Work to be completed: What you give back should be exactly the opening lines of the data, ending with the line that contains "MARS HYDRO 2x2x4" and including it.

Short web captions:

>>>

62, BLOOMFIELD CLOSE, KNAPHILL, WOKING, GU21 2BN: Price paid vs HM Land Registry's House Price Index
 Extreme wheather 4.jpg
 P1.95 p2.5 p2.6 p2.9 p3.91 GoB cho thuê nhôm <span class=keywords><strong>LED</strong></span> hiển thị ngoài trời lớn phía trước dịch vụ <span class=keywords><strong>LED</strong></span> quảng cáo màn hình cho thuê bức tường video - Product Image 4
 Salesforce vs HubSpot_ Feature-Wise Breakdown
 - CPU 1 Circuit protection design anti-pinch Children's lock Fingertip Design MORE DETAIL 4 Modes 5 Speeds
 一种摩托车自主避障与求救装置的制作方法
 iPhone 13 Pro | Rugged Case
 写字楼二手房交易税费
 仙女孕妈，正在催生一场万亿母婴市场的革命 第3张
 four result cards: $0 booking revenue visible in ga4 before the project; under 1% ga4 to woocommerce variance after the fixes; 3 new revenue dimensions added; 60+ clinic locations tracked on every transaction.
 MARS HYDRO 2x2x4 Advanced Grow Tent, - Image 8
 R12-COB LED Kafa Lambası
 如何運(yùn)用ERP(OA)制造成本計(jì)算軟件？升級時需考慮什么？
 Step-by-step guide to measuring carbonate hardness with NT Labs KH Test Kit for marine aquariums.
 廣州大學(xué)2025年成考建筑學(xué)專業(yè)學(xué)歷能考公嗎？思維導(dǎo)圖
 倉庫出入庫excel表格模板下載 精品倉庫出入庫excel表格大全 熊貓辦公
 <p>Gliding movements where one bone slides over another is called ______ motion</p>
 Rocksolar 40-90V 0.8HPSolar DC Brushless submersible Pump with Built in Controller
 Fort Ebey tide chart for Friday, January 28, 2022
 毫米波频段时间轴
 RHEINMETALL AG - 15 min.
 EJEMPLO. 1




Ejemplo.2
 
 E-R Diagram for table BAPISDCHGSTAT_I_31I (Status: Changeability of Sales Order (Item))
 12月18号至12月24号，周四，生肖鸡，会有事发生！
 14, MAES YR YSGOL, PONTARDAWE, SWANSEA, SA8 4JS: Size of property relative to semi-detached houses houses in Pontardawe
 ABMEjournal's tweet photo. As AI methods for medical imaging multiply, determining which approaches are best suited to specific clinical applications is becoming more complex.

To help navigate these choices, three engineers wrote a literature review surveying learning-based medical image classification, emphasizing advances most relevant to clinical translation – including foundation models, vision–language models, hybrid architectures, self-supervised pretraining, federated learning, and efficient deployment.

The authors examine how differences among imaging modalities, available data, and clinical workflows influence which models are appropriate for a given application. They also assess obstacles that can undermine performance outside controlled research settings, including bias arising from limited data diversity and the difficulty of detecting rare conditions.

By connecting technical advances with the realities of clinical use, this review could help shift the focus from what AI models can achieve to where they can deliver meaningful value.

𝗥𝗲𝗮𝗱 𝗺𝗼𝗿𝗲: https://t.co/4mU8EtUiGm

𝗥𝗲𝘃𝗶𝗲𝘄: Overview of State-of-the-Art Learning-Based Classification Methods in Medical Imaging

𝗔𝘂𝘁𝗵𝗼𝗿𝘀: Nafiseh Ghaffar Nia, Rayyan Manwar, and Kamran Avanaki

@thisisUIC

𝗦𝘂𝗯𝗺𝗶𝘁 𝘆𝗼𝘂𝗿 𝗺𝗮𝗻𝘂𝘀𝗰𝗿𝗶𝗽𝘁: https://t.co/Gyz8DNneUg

<<<

Answer area:
62, BLOOMFIELD CLOSE, KNAPHILL, WOKING, GU21 2BN: Price paid vs HM Land Registry's House Price Index
 Extreme wheather 4.jpg
 P1.95 p2.5 p2.6 p2.9 p3.91 GoB cho thuê nhôm <span class=keywords><strong>LED</strong></span> hiển thị ngoài trời lớn phía trước dịch vụ <span class=keywords><strong>LED</strong></span> quảng cáo màn hình cho thuê bức tường video - Product Image 4
 Salesforce vs HubSpot_ Feature-Wise Breakdown
 - CPU 1 Circuit protection design anti-pinch Children's lock Fingertip Design MORE DETAIL 4 Modes 5 Speeds
 一种摩托车自主避障与求救装置的制作方法
 iPhone 13 Pro | Rugged Case
 写字楼二手房交易税费
 仙女孕妈，正在催生一场万亿母婴市场的革命 第3张
 four result cards: $0 booking revenue visible in ga4 before the project; under 1% ga4 to woocommerce variance after the fixes; 3 new revenue dimensions added; 60+ clinic locations tracked on every transaction.
 MARS HYDRO 2x2x4 Advanced Grow Tent, - Image 8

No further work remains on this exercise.